| About this task |
Write out the line with "Dolce & Gabbana" and every later line through the end of the data below, exactly as given, with no pictures in the copy.

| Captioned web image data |

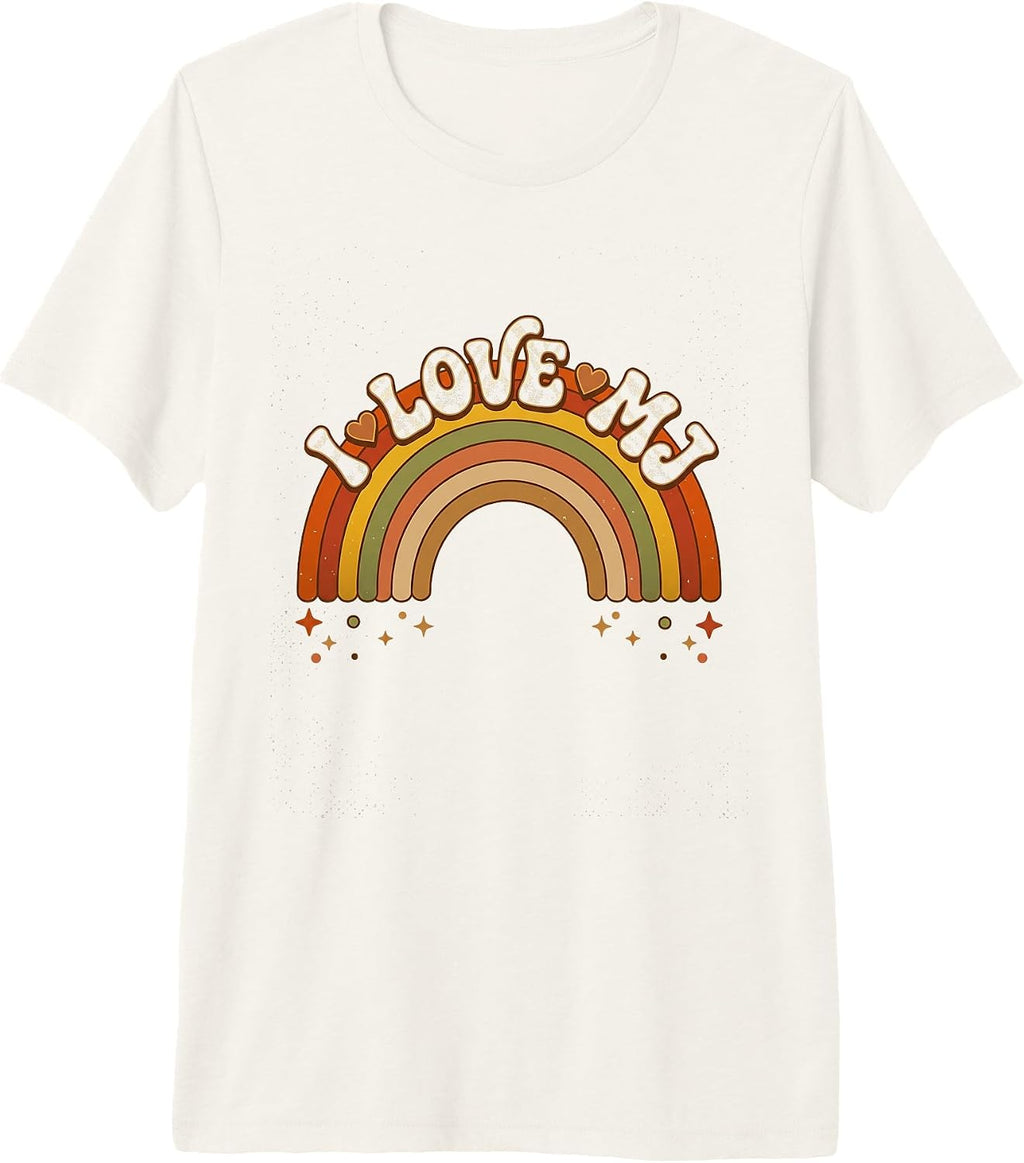 I Love Heart M J Initials Apparel For Fans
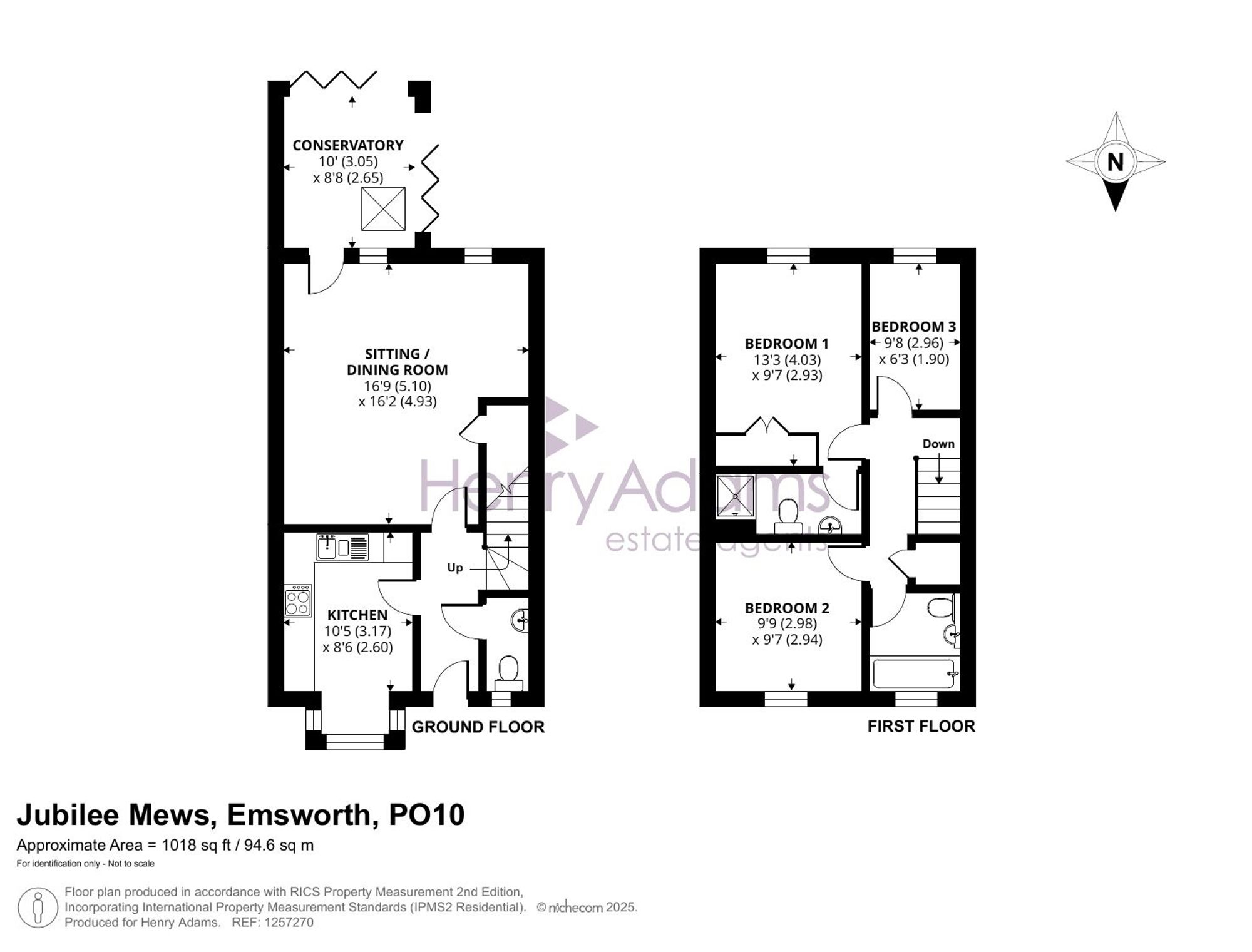 Jubilee Mews, Emsworth, PO10 floorplans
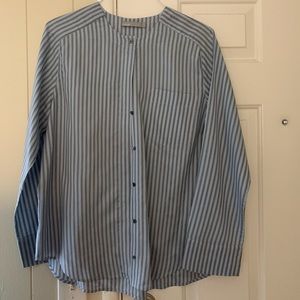 Vince stripe cute shirt, blue, size L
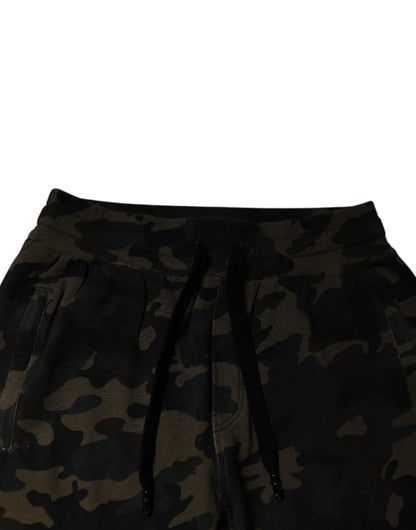 Dolce & Gabbana Multicolor Camouflage Jogger Sweatpants Pants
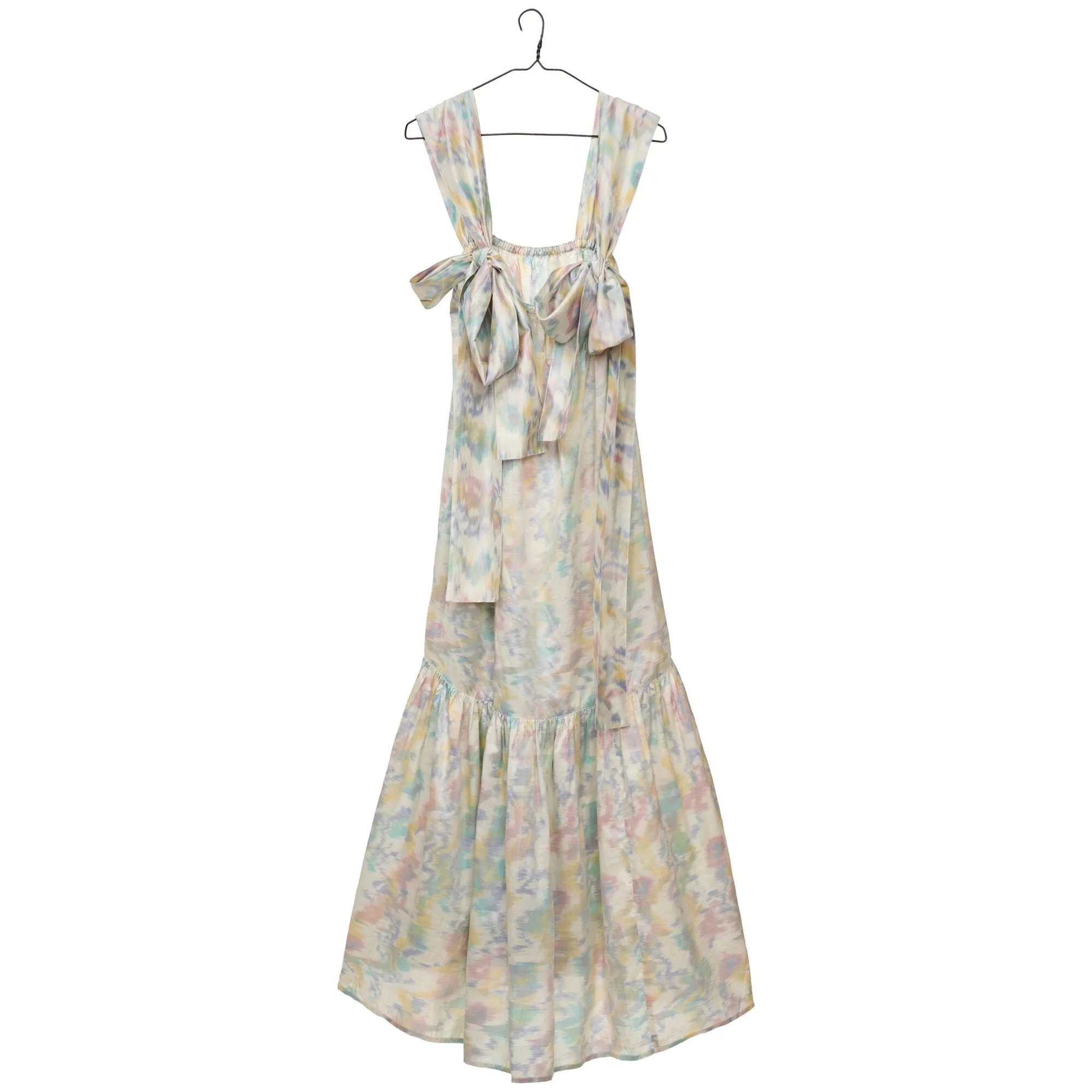 Thea Ikat Dress - Ivory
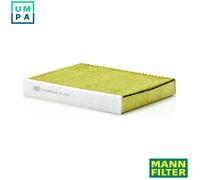 MANN-FILTER FP 2433 Cabin Air Filter - FreciousPlus Biofunctional Pollen Filter - for Cars + Transporters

| Task output |
 Dolce & Gabbana Multicolor Camouflage Jogger Sweatpants Pants
 Thea Ikat Dress - Ivory
 MANN-FILTER FP 2433 Cabin Air Filter - FreciousPlus Biofunctional Pollen Filter - for Cars + Transporters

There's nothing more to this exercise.